DATA RECORDS START
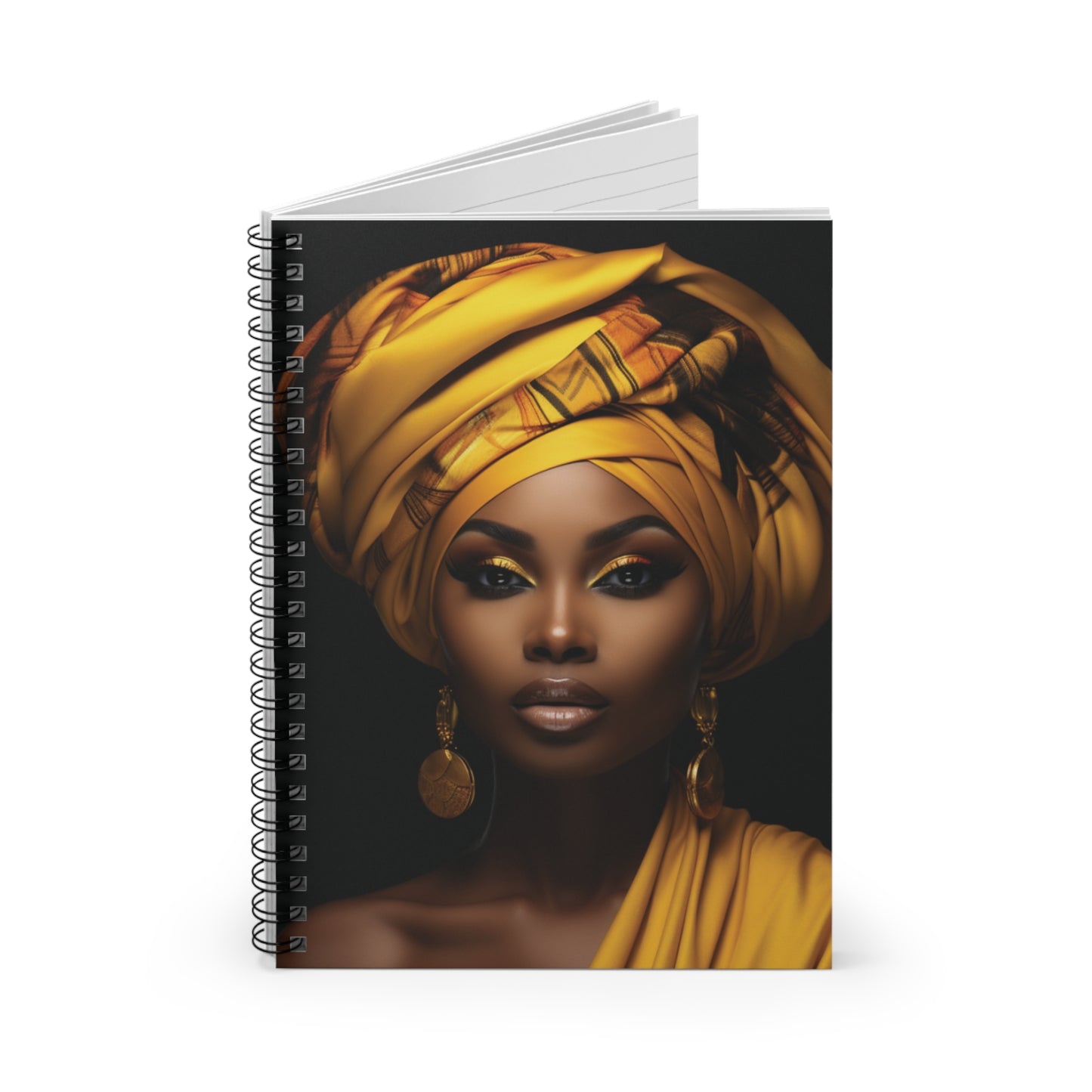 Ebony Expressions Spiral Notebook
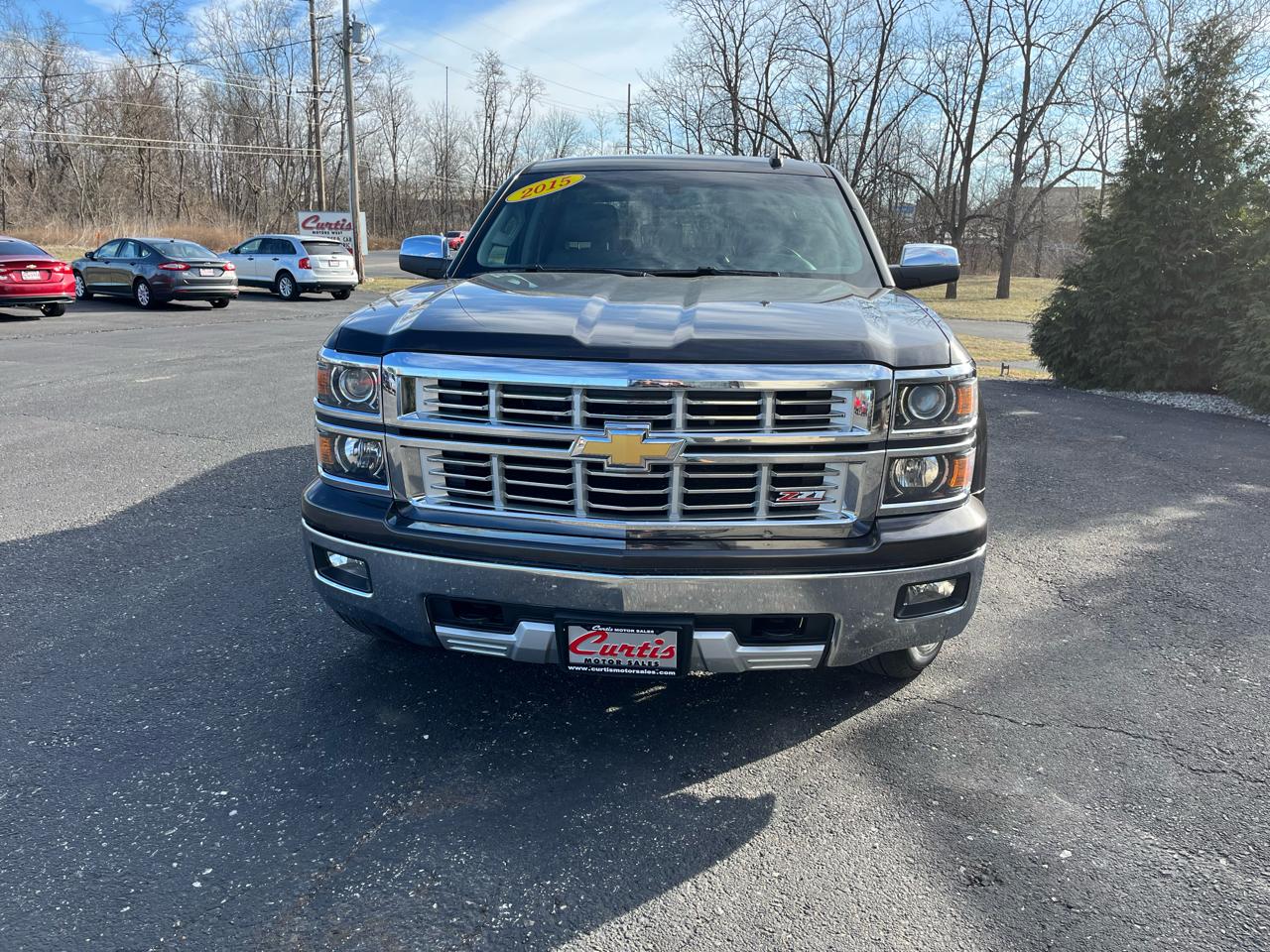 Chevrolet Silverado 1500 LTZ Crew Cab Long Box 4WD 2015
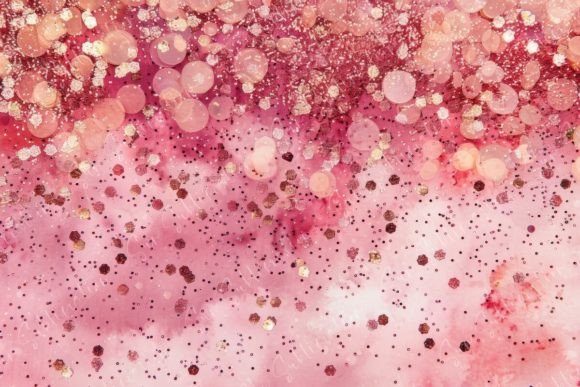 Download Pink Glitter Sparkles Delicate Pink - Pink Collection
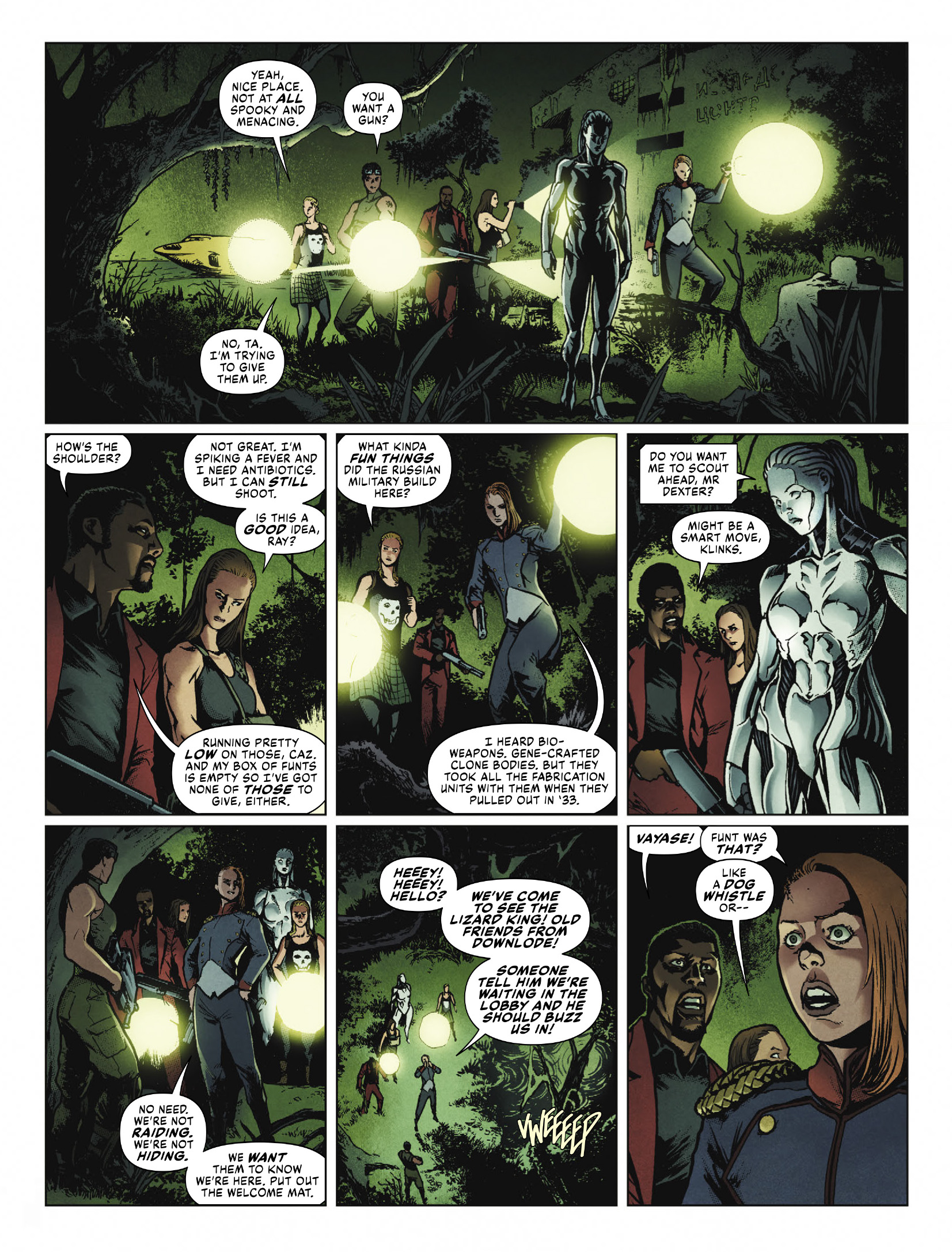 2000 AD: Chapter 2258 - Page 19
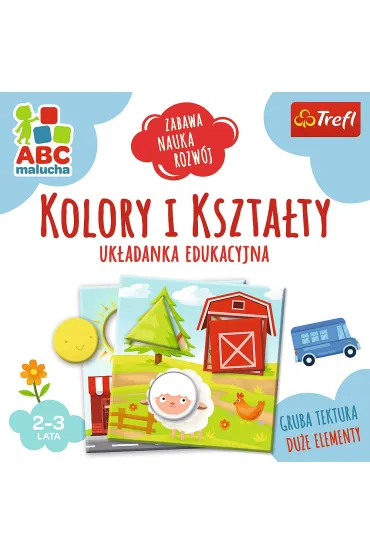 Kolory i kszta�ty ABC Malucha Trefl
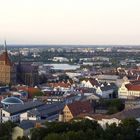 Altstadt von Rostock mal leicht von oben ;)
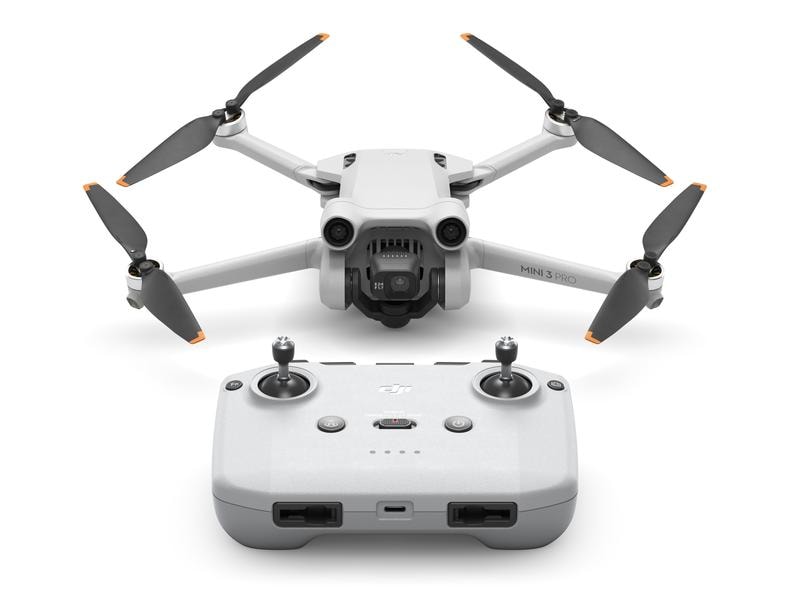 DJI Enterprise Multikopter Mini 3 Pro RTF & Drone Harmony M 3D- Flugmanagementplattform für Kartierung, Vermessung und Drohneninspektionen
DATA RECORDS END
> **WHAT YOU SHOULD DO**
Drop the images, then copy the data exactly.

> **ANSWER**
 Ebony Expressions Spiral Notebook
 Chevrolet Silverado 1500 LTZ Crew Cab Long Box 4WD 2015
 Download Pink Glitter Sparkles Delicate Pink - Pink Collection
 2000 AD: Chapter 2258 - Page 19
 Kolory i kszta�ty ABC Malucha Trefl
 Altstadt von Rostock mal leicht von oben ;)
 DJI Enterprise Multikopter Mini 3 Pro RTF & Drone Harmony M 3D- Flugmanagementplattform für Kartierung, Vermessung und Drohneninspektionen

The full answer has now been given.